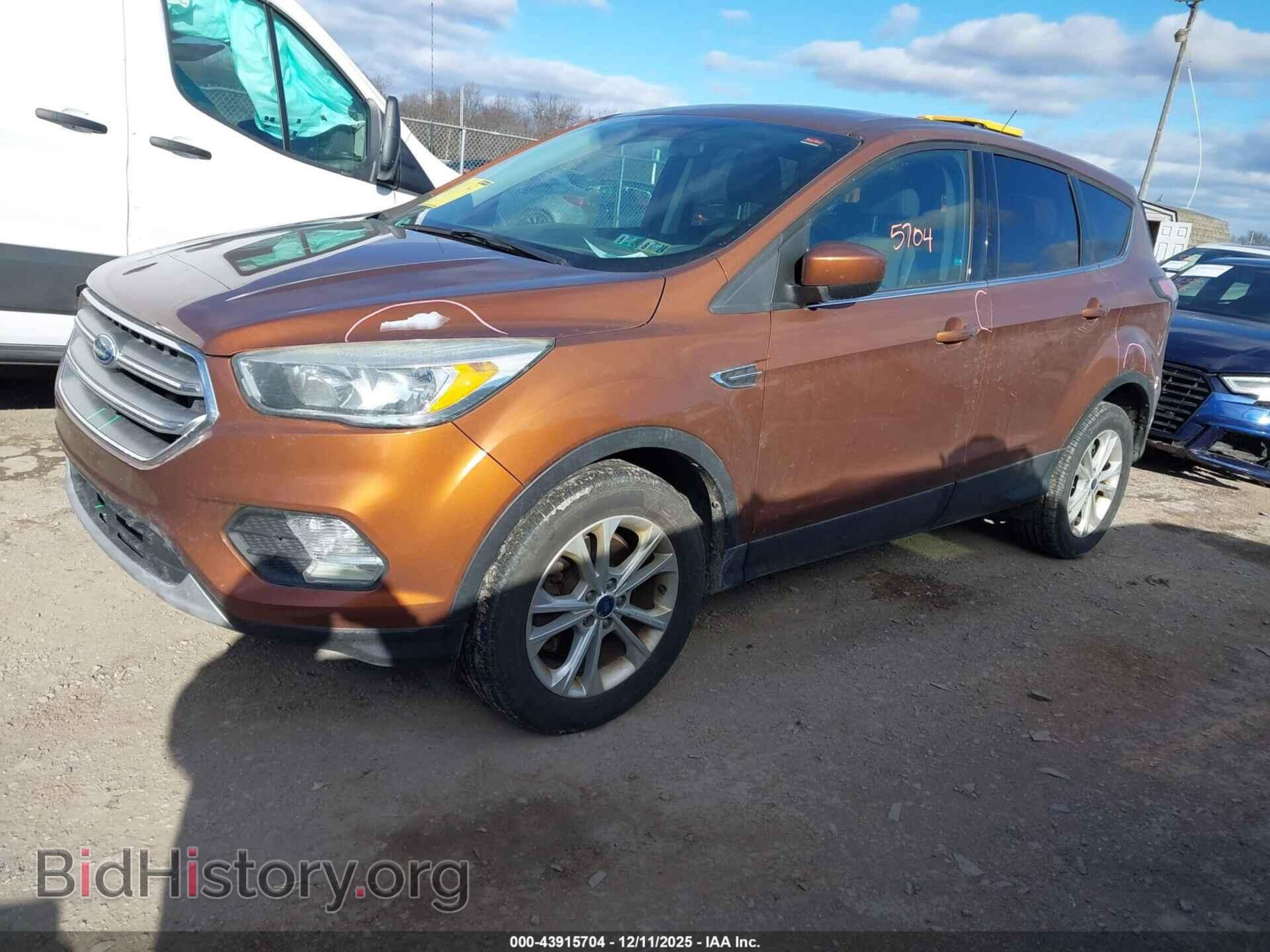 2017 FORD ESCAPE - VIN: 1FMCU9G9XHUB16428 - Фото 2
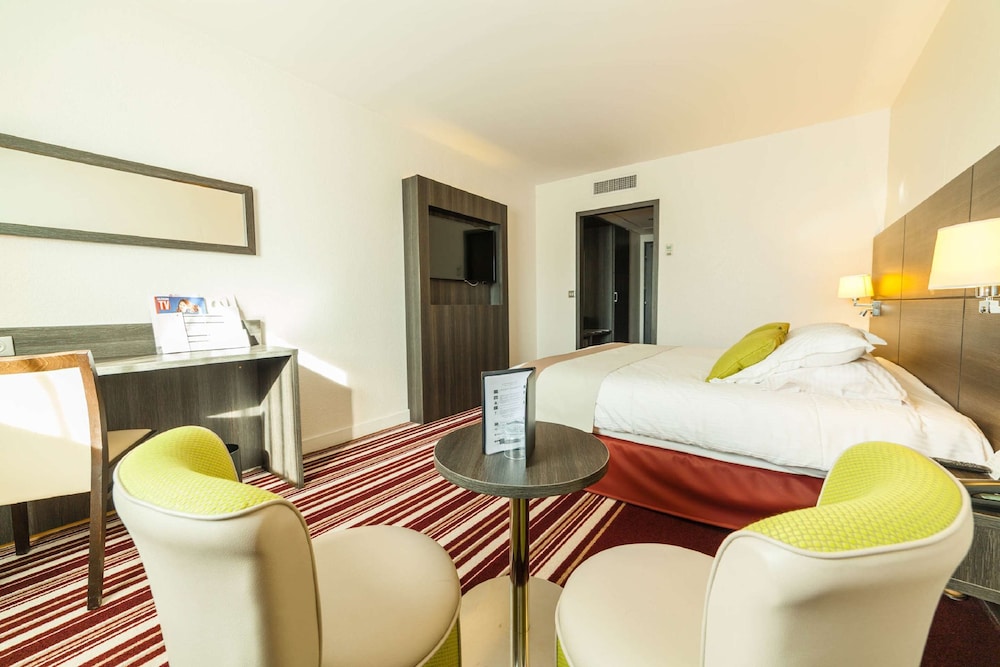 Standard Room, 1 King Bed - Photo 5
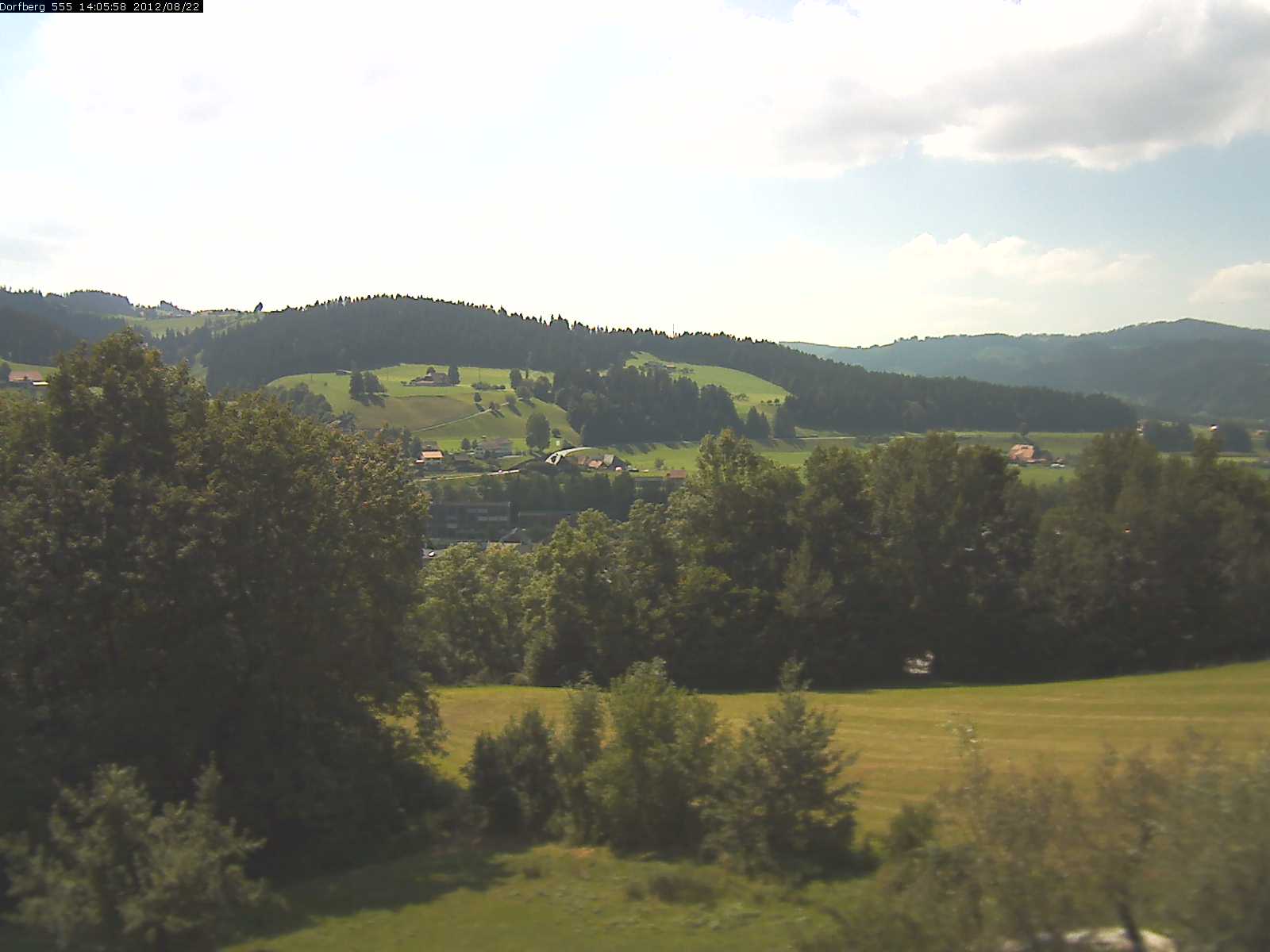 Webcam-Bild: Aussicht vom Dorfberg in Langnau 20120822-140600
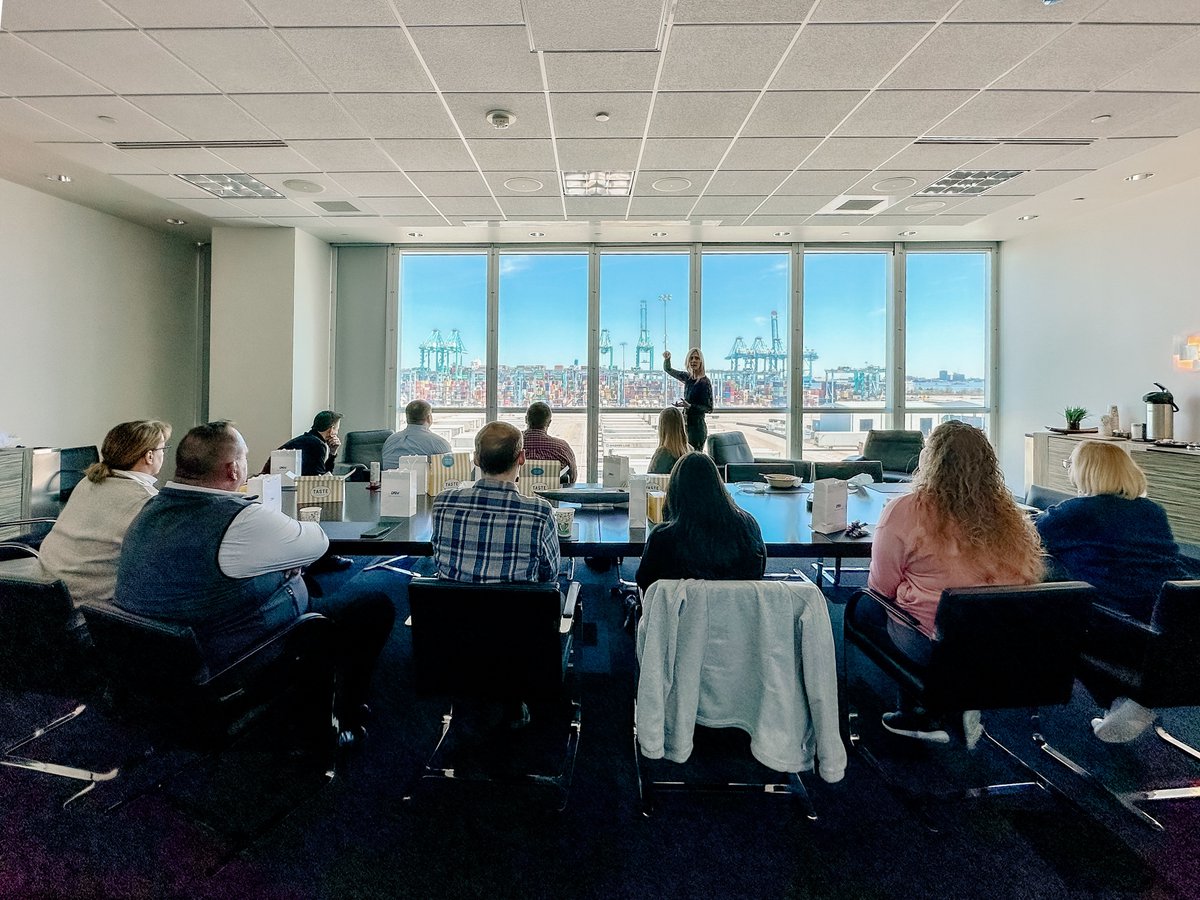 DSV_US's tweet photo. It's been an exciting two days at the Virginia International Gateway! ⚓

Our clients and team members got to learn all about VIG and observe the vessels operating in the field first-hand on this amazing tour! 🙌

#DSV_US #PortTour #VIG #PortofVirginia #Maritime #Logistics https://t.co/RbUPVH0CaP
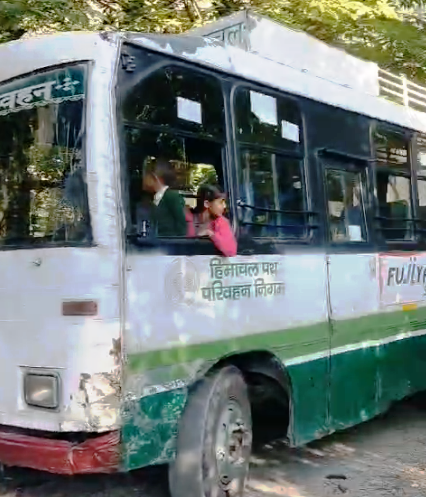 HRTC: चार महीने बाद कूट पहुंची बस, सुबह बैटरी डाउन होने से थमी; बच्चों को पैदल चलने की नौबत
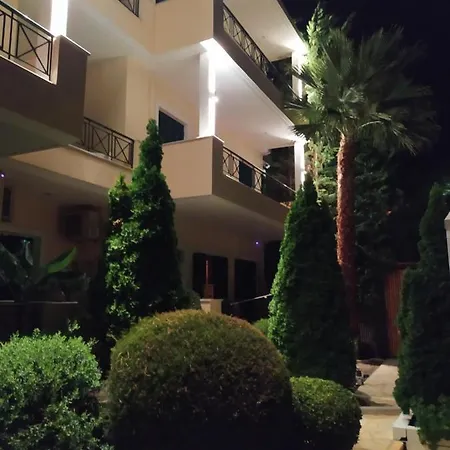 Apartment Katsenos *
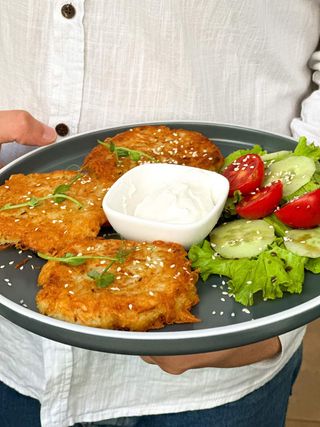 Draniki with sour cream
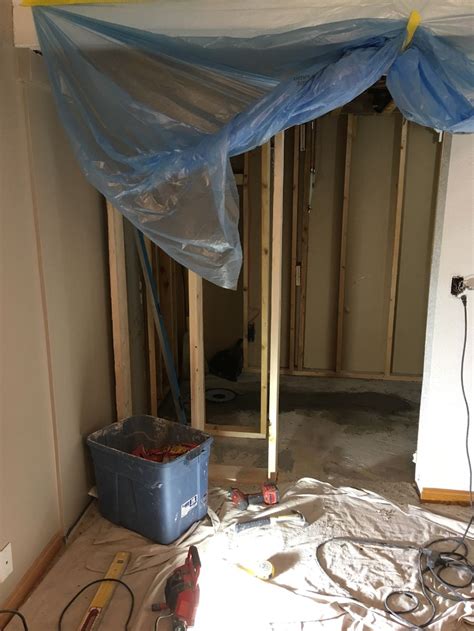 Basement Bath 的图像结果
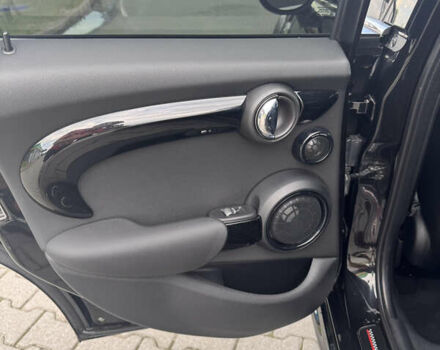 Черный Мини Купер, объемом двигателя 2 л и пробегом 34 тыс. км за 23000 $, фото 31 на Automoto.ua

● ● ●

### [TASK DESCRIPTION]
Each line from the one containing "HRTC: चार महीने" to the final line of the data must be printed exactly, both included, with nothing else and no pictures.

### [SOLUTION TO THE EXERCISE]
 HRTC: चार महीने बाद कूट पहुंची बस, सुबह बैटरी डाउन होने से थमी; बच्चों को पैदल चलने की नौबत
 Apartment Katsenos *
 Draniki with sour cream
 Basement Bath 的图像结果
 Черный Мини Купер, объемом двигателя 2 л и пробегом 34 тыс. км за 23000 $, фото 31 на Automoto.ua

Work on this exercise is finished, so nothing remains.